The animation was posted Tuesday to Reddit, where it quickly gained over 3,500 comments and about 36,000 upvotes. Originally, it was posted online by news outlet Tech Insider in 2017. Tech Insider said the animation used projections from Chris Scotese, a professor at Northwestern University’s Department of Earth and Planetary Sciences.
The animation shows how the continents squeeze and contort over time, with Australia first drifting northward and Africa edging up into Europe. You can see the video posted to Reddit here and the original clip on YouTube here.
East Asia begins moving west, and Antarctica starts floating northward toward South Asia and the east coast of Africa. Eventually, North America and Western Europe merge across the Atlantic. By the time the 250 million year mark is reached, any current continental regions are barely distinguishable amid the large landmass. On the other side of the Earth is a huge stretch of ocean.
This would not be the first time that almost all the landmass on Earth is concentrated in one massive supercontinent. The last time this happened was during the Early Permian Epoch, around 299 million to 273 million years ago, according to the Encyclopedia Britannica.
That supercontinent was called Pangea—also spelled Pangaea—and it was surrounded by a global ocean called Panthalassa. It started to break apart around 200 million years ago and eventually formed the continents and oceans we know today.
Continents are in motion because heat from the radioactive processes within the Earth causes the Earth’s crust—which is made up of 15 to 20 moving tectonic plates resting on the molten rock of the mantle—to move.
Robert Butler, a professor of tectonics, geology and geophysics at the University of Aberdeen in Scotland, told Newsweek the future supercontinent animation was “pretty crude and hard to judge,” as it does not show plate boundaries.
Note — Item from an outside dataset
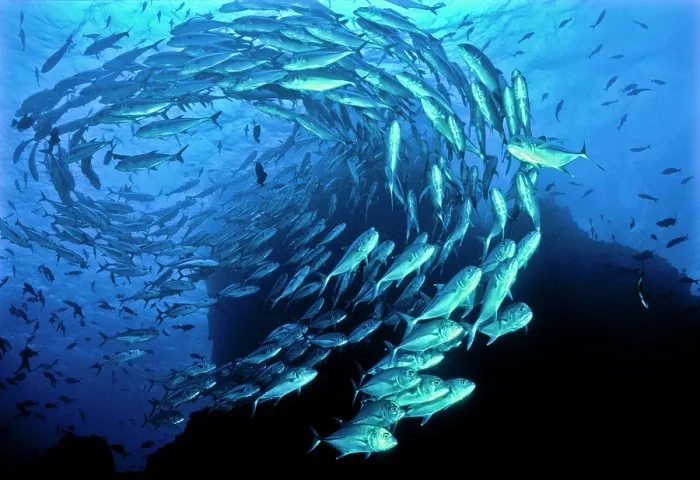 Framed Print : RF - Schooling Bigeye jacks (Caranx sexfasciatus), Cocos Island, Costa Rica, Pacific Ocean. (This image may be licensed either as rights managed or royalty free.) Framed Print : RF - Schooling Bigeye jacks (Caranx sexfasciatus), Cocos Island, Costa Rica, Pacific Ocean. (This image may be licensed either as rights managed or royalty free.)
However, he said that “people might quibble about the details on the animation, such as their own place on the planet, but the overall principle is pretty solid.”
Butler also said that predicting future continental drift relies on using past records of continental movements and then extrapolating from them into the future.
“It’s pretty robust because the velocities of relative plate motion are slow and it’s nonturbulent,” he said. “We can track back plate evolution very accurately for the past, say, 200 million years, as the record of relative plate motion is charted by the record of sea-floor-spreading on the world’s modern oceans.
“You can test the extrapolations by fitting bits of geology together like parts of a jigsaw—the rocks on the continents rather than simply the edges, as these distort and break or recombine.”
Butler said the prediction of a future Pangea is not very surprising. “One thought is that supercontinents come and go in cycles over the past 3 billion years at least.”